One notable feature is the disconnect between, on one hand, the high visibility and loud sound of media, and on the other, the low level of media literacy in our country. With already limited levels of print literacy, lack of knowledge in general about media economics, scale of advertising budgets, non-media interests of media proprietors, the subtle unreported ways through which news reports are shaped by either the media or covert official pressures, create the curious spectacle of a big black hole of ignorance right in the middle of ostensibly glowing information.
In terms of volume alone, even as information entropy grows, it is pertinent to remember that due to inherent limitations of space and time in all media - for instance, the number of paragraphs which are actually printed in, say, a letter to the editor, which may have originally had a larger number of paragraphs , or the infernal mid-breaks in TV programmes that disrupt continuity and coherence in discussion or narration - the media provides only a small, even fractional part of information to their audiences. Thus, reality remains far larger than media-reported ‘reality’. This may help explain why when some part of information flow through media exhorts the people to do, or not to do, certain things people simply continue to do what they want to do - regardless of what the media-presented information urges them to do.

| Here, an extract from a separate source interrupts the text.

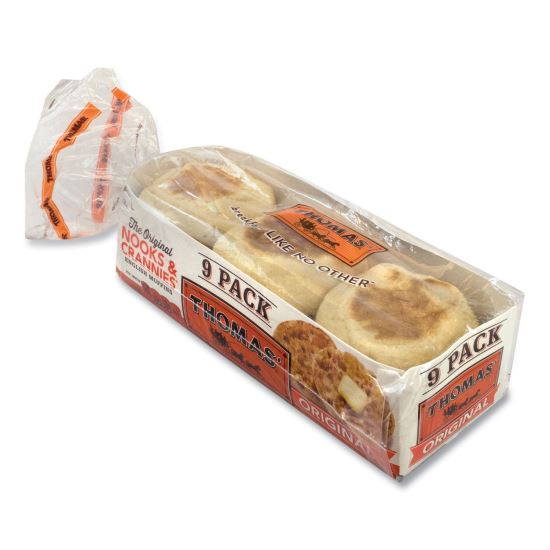 Thomas' Original English Muffins1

That stated, it is equally vital to stress that deliberately-tailored, precisely-focused, continuously repeated information has the potential and the power to change perceptions and promote behaviour as desired by those shaping a particular kind of information. This is why, on a mass scale, psychological warfare - psywar, for short - is a standard part of strategic operations by states. Those targeted are not supposed to be aware of the origins or ultimate aims of psywar proponents. Fortunately, in contrast, the use of advertising in media or by publicly identified lobbyists on behalf of special interests (not always known) to persuade consumers to purchase brands or make policies is open and transparent. The need for citizens to remain vigilant and for vastly increased media literacy grows in step with the phenomenal expansion of information, now more so by social media - which is another, separate, yet related subject altogether.